— Task item —
Repeat every record below exactly, omitting any pictures.

[Brief descriptive captions]
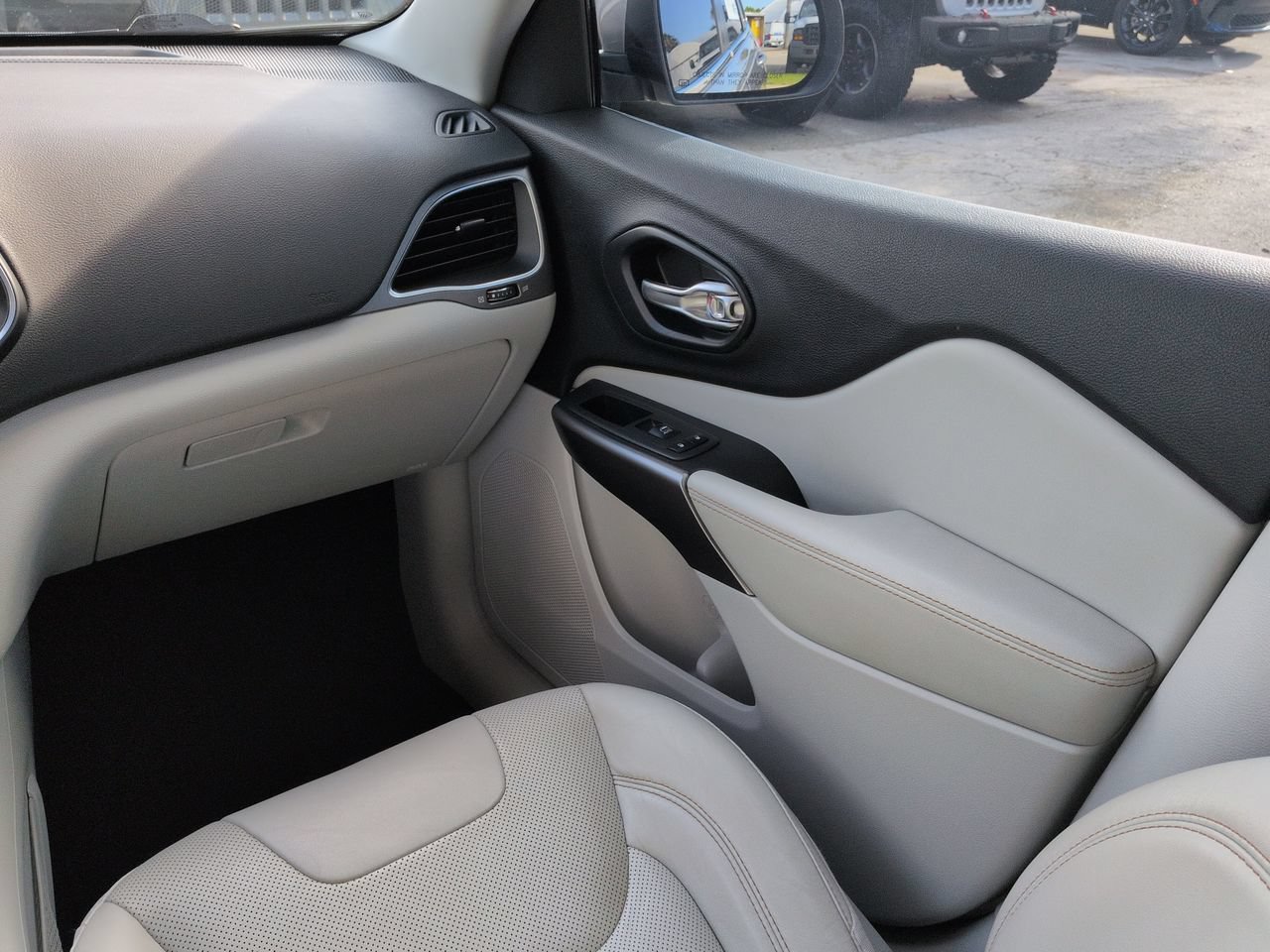 Used 2021 Jeep Cherokee Latitude Lux FWD image 16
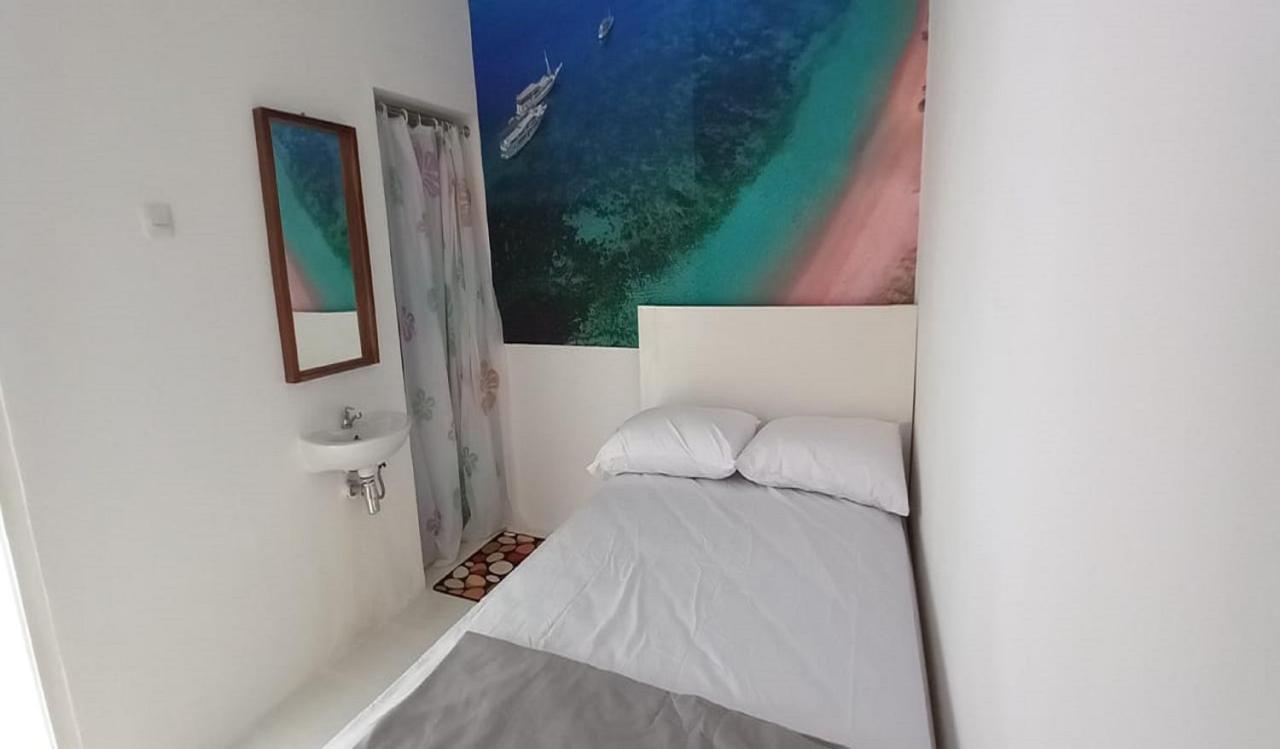 Oyo 90974 Homestay Golo Koe Sejahtera Лабуан-Бахо Экстерьер фото
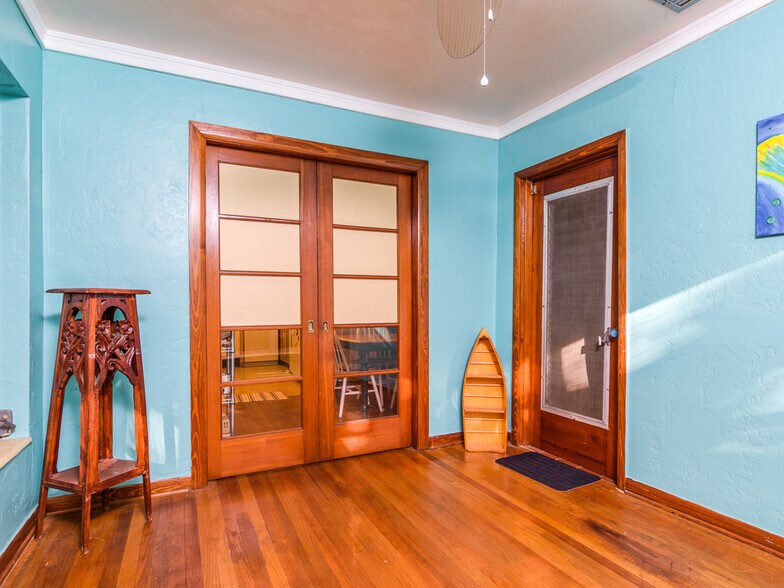 Building Photo - 3136 W EUCLID AVE N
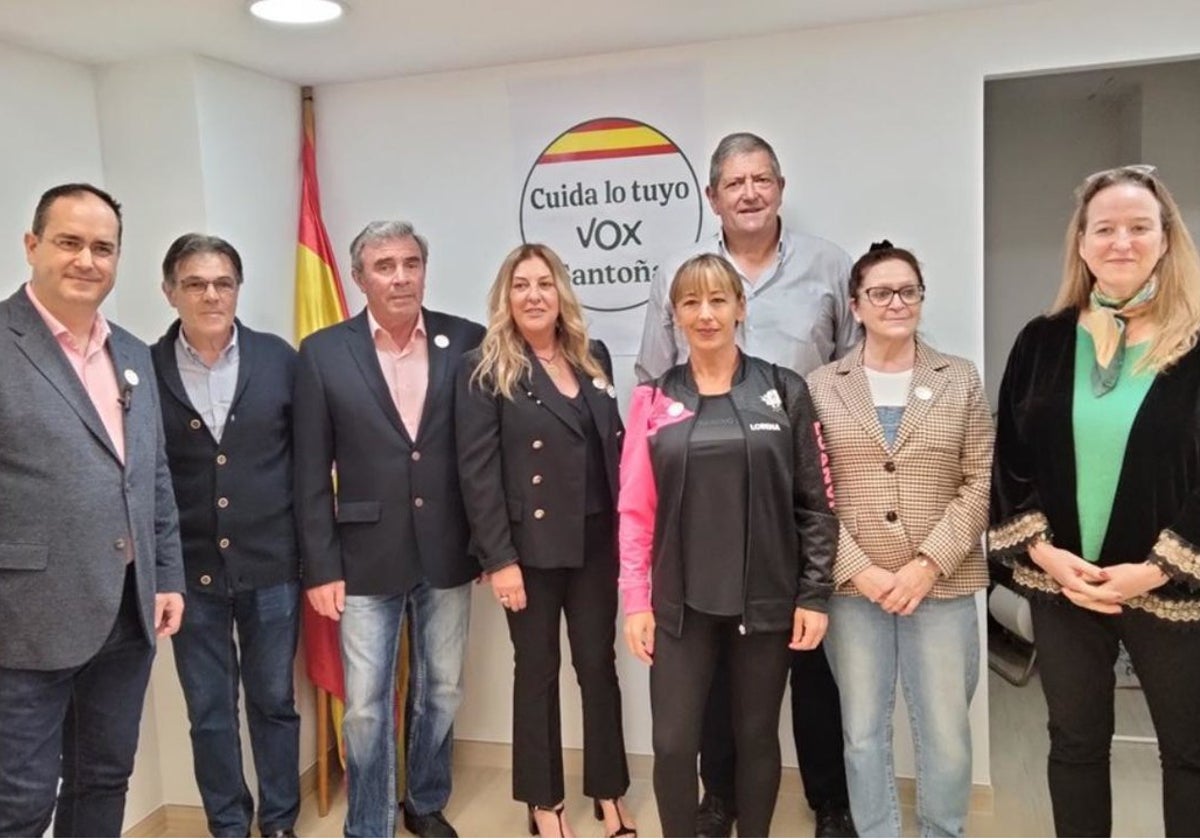 Integrantes de Vox en Santoña con el candidato a la Alcaldía, Salvador Sarabia, a la izquierda y la candidata del partido a la Presidencia del Gobierno regional, Leticia Díaz, a la derecha.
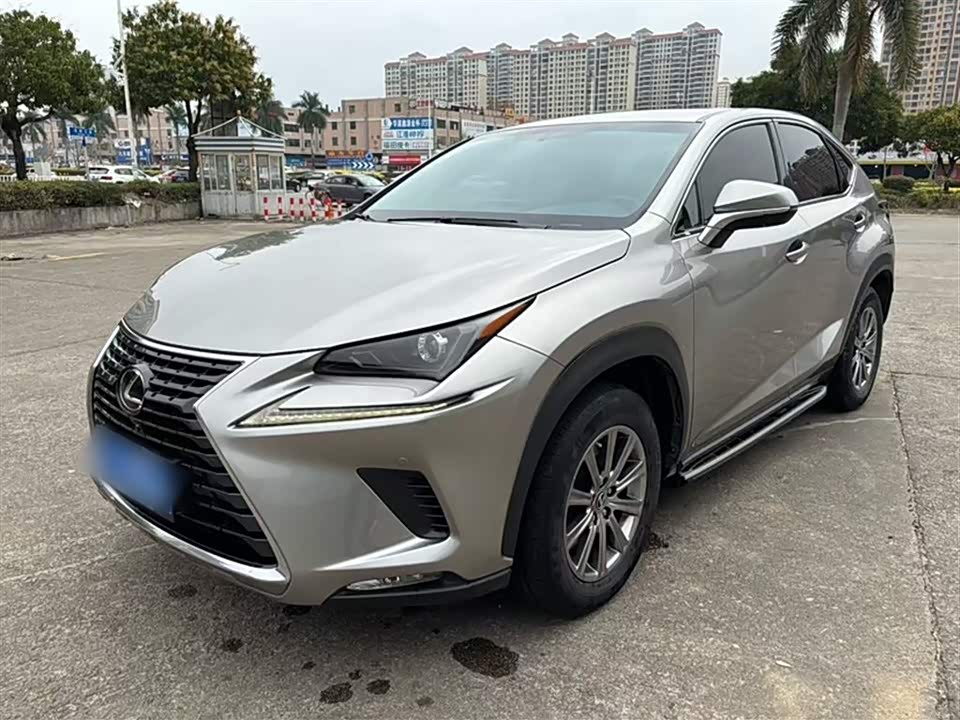 Lexus NX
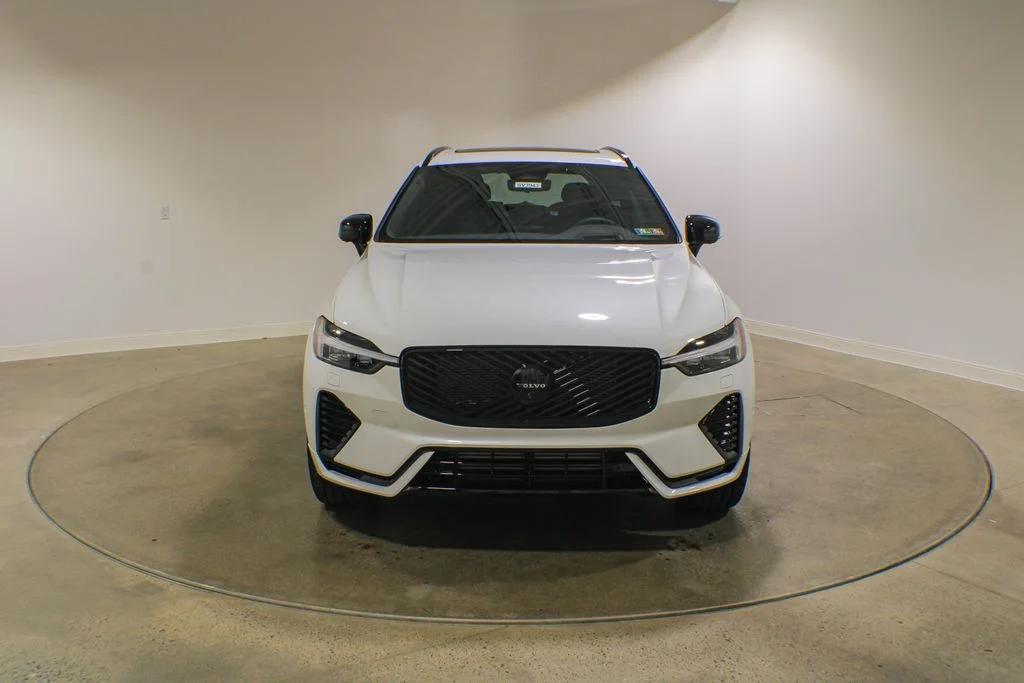 2026 Volvo XC60 PLUG-IN HYBRID BLACK EDITION ULTRA, T8 AWD EL 照片 8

— Solution to the problem —
 Used 2021 Jeep Cherokee Latitude Lux FWD image 16
 Oyo 90974 Homestay Golo Koe Sejahtera Лабуан-Бахо Экстерьер фото
 Building Photo - 3136 W EUCLID AVE N
 Integrantes de Vox en Santoña con el candidato a la Alcaldía, Salvador Sarabia, a la izquierda y la candidata del partido a la Presidencia del Gobierno regional, Leticia Díaz, a la derecha.
 Lexus NX
 2026 Volvo XC60 PLUG-IN HYBRID BLACK EDITION ULTRA, T8 AWD EL 照片 8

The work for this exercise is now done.